A compliant mechanism is a flexible device that achieves force and motion transmission through elastic body deformation. A compliant mechanism gains its motion from the relative flexibility of its members rather than from rigid-body joints. The fact that a complaint mechanism uses the elasticity of the material to move makes it perfect for a linear static study. In a SOLIDWORKS Simulation linear static study, the results have to stay within the linear elastic range of the material or return to its original shape once all loading is stopped, making this the perfect domain for compliant mechanisms.
This article will take you through the simulation process used to validate a compliant mechanism. For this example, the pawl for a ratcheting gear system will elastically deform to release the gear as seen in the figure below. Normally, a pawl would have a spring or lock to keep it in place, but we are going to use the elasticity of the material instead.
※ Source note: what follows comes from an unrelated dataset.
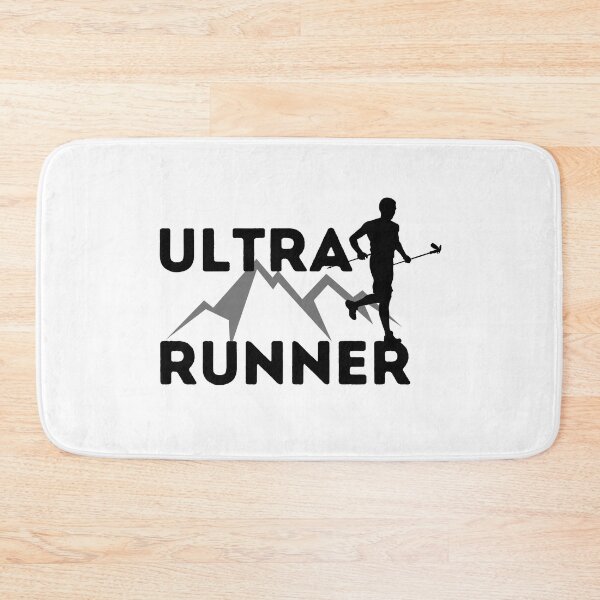 Item preview,  Ultra Runner Marathons Trail Runners designed and sold by PlanBesser.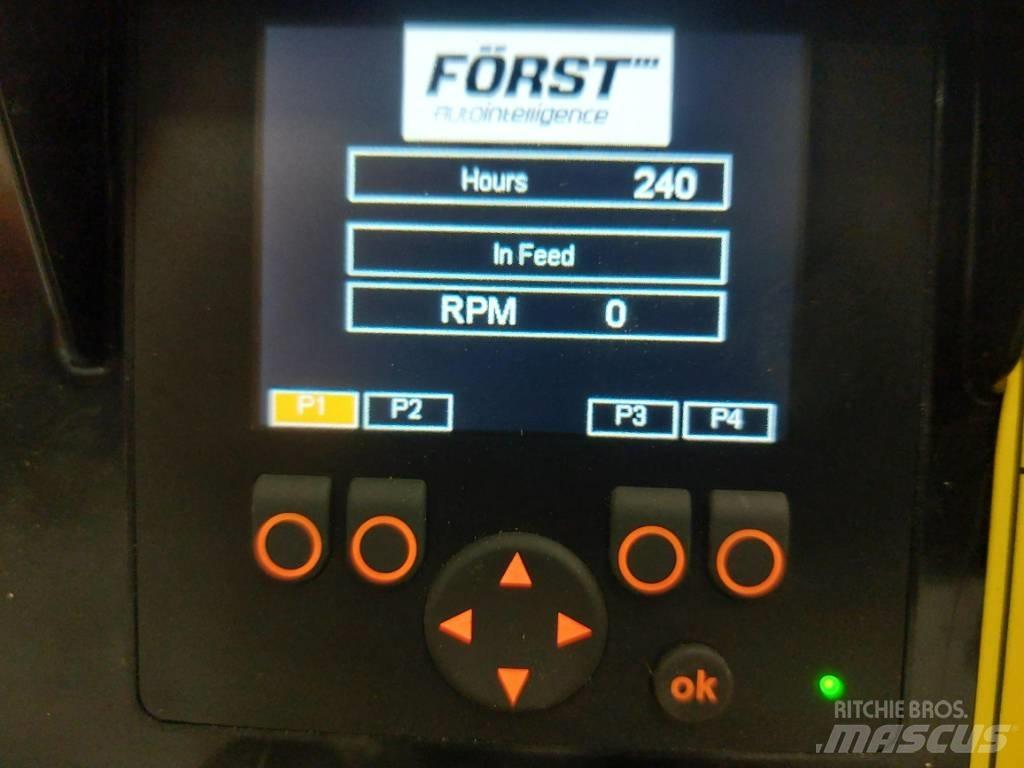Först ST6P | 2020 | 240 hours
Elastic deformation of pawl to release the gear.
The challenges in this design were having enough material at the compliant connection point to not induce yielding but not too much material that it was so stiff that an inhuman amount of force was required to move it.
The pawl is connected to the mechanism by a cylindrical extrusion as seen in the figure below. As the thumb button pressed the pawl will release, caused by the torsional displacement in the cylindrical extrusion.
Cylindrical extrusion of the pawls compliant connection point.
Will the Compliant Mechanism Yield If Pushed to Maximum Range of Motion?
The way that I approached this problem was to use a prescribed displacement to see how much force was needed to push the pawl into contact with the part, which would be its maximum allowable displacement. This would be a worst-case loading scenario and if the compliant mechanism can withstand this then normal operation will be fine.
Since I did not know how much force to apply but did know how far I wanted the pawl to displace, I used the prescribed displacement fixture. This will use a boundary condition to rotate the blue face approximately four degrees about the axis of the pink face, as seen in the image below. In order to prescribe a rotational displacement, I had to change from the cartesian coordinate system to a cylindrical coordinate system. This was done by choosing a cylindrical face as my reference direction, the pink selection box, in the figure below.
A prescribed displacement being applied to the compliant mechanism.
In the simulation, the perfect amount of force will be applied to displace the selected face the prescribed amount. That deformation will cause internal stresses and strains which will be compared to the material model. After a few more fixtures were added to keep the model restrained the study could be run.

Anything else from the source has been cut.